Ora, lidas as conclusões da alegação de recurso, resulta claro os Recorrentes assacam à sentença recorrida os seguintes erros:

- erro de julgamento de facto, por não ter dado como provados os factos m.i no ponto 8 do corpo das alegações;

- erro de julgamento de facto, por não ter dado como não provados os factos m.i no ponto 9 do corpo das alegações;

- erro de julgamento de direito, por a sentença ter concluído que estavam preenchidos os pressupostos de incidência do imposto e por terem sido violadas as regras do ónus da prova.

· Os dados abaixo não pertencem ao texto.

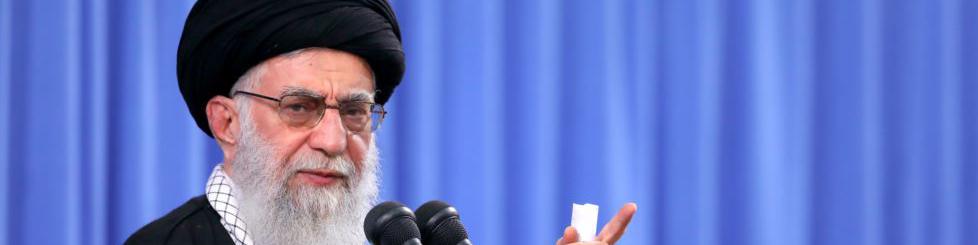 بدون اخذ تضمین‌های کافی از سه کشور اروپایی،تداوم برجام با آن‌ها منطقی نیست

- erro de julgamento de direito, por a sentença recorrida não ter retirado as consequências jurídicas da circunstância de o facto tributário – ajuste de revenda – ter ocorrido antes de 1 de Janeiro de 2004, ou seja, antes da entrada em vigor do CIMT, violando, assim, o princípio da irretroactividade da lei fiscal.

Vistas as questões a apreciar, avancemos.

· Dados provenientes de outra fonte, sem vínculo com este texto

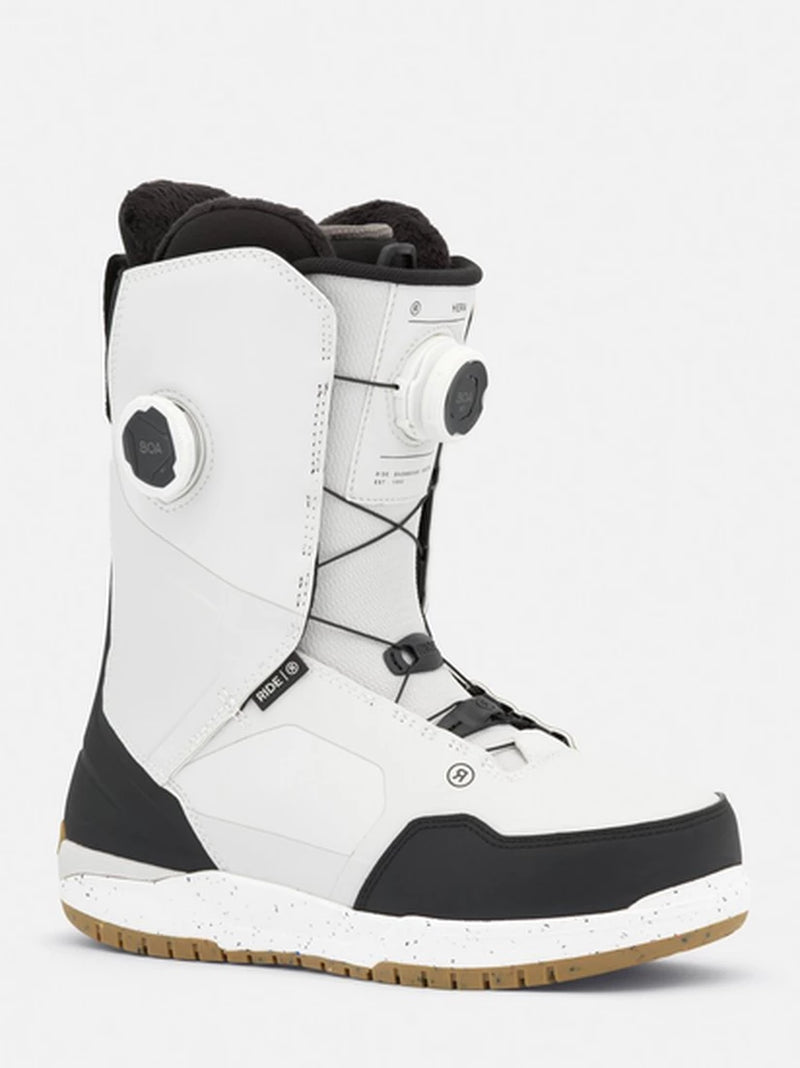 Load image into Gallery viewer, Ride Women's Hera Snowboard Boots 2027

Comecemos pelo erro de julgamento da matéria de facto, concretamente pela indicação da factualidade que, segundo os Recorrentes, devia ter sido incluída no probatório e não foi.

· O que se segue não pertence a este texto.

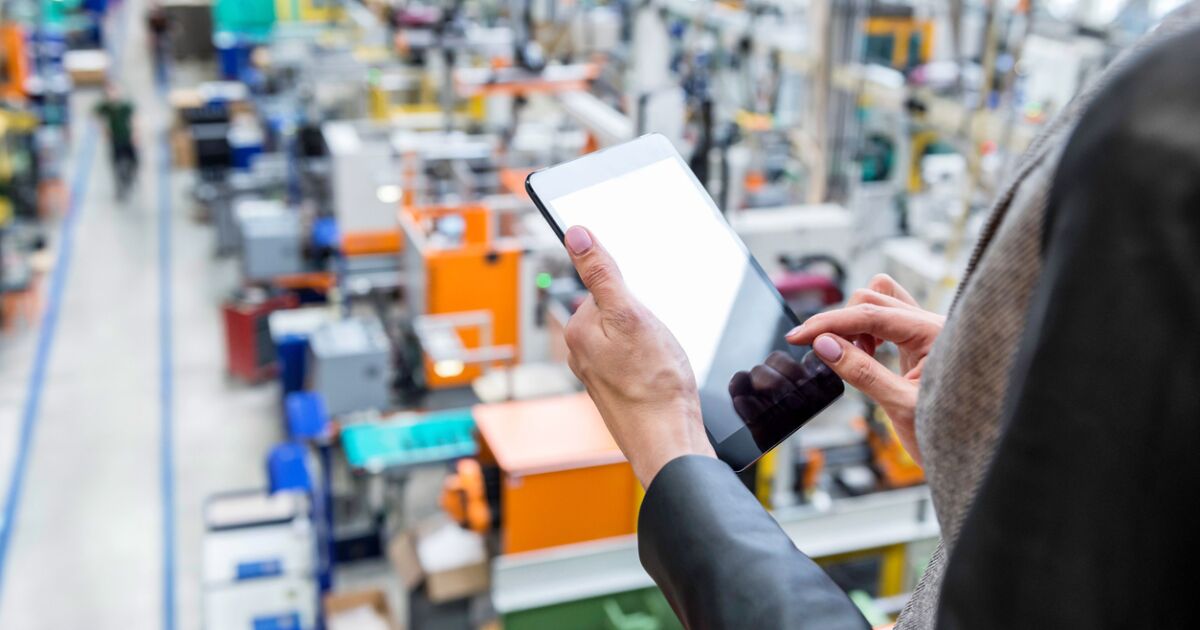 Özel sektör 2024'te 39 milyar dolarlık yatırım açıkladı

Assim, no referido ponto 8 da alegação recursória consta o seguinte:

“Se bem atentarmos na leitura dos factos provados da douta Sentença recorrida, bom é de ver que a mesma enferma de vício invalidante, pois que a mesma não dá como provados factos que, no entender da Recorrente, são essenciais para a boa apreciação do mérito da causa, e que seguidamente se enumeram:

1) O Recorrente tem o domicílio fiscal sito na Rua ;

2) A morada do domicílio do Recorrente é a da fracção adquirida pelo Recorrente em 27 de Março de 2006, conforme escritura pública de compra e venda junta como Documento nº 7 aos autos;

3) O Cessionário pagou ao recorrente o montante de € 190.706,81, como contrapartida da cessão da posição contratual no Contrato-Promessa relativo à fracção, por intermédio do cheque nº , junto como Documento nº 9 aos autos;

4) O Recorrente depositou na sua conta , o montante recebido do cessionário, conforme talão de depósito junto como Documento nº 10 aos autos;

5) O montante de € 190.706,81 corresponde, exactamente, ao reembolso integral dos valores pagos até à data da cessão pelo Recorrente à Sociedade, considerando a aquisição plena da posição de promitente-comprador no Contrato-promessa, em 9 de Novembro de 2000, a titulo de sinal e sucessivos reforços de sinal, conforme Contrato-promessa e recibos de quitação dos reforços de sinal, emitidos pela Sociedade, juntos como Doc. 11 aos autos;

6) A cessão da posição contratual do Recorrente ao Cessionário ocorreu antes de 1 de Janeiro de 2004;

7) A cessão da posição contratual do Recorrente ao cessionário não corresponde a uma revenda”.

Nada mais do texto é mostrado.